_PROVIDED MATERIAL_
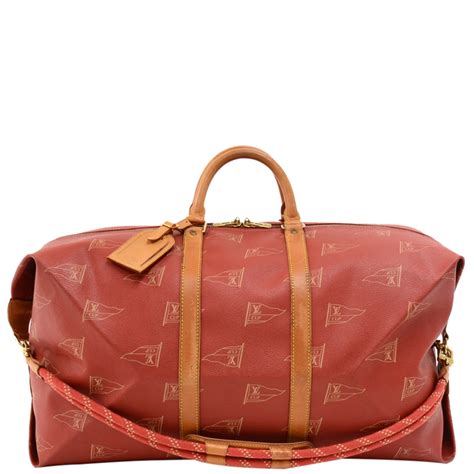 louis vuitton closet|Louis Vuitton duffle.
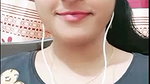 eshra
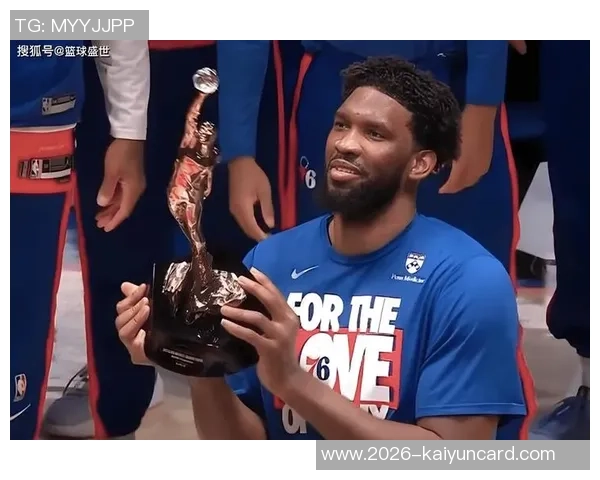 马克西谈罚球失误球迷MVP呼声影响心态恩比德如何应对压力成疑问 马克西谈罚球失误球迷MVP呼声影响心态恩比德如何应对压力成疑问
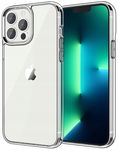 ETUI CASE CLEAR OCHRONA APARATU do iPhone 14 PRO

_EXERCISE GOAL_
Reproduce, word for word, everything in the listing above except the pictures.

_THE COMPLETED TASK_
 louis vuitton closet|Louis Vuitton duffle.
 eshra
 马克西谈罚球失误球迷MVP呼声影响心态恩比德如何应对压力成疑问 马克西谈罚球失误球迷MVP呼声影响心态恩比德如何应对压力成疑问
 ETUI CASE CLEAR OCHRONA APARATU do iPhone 14 PRO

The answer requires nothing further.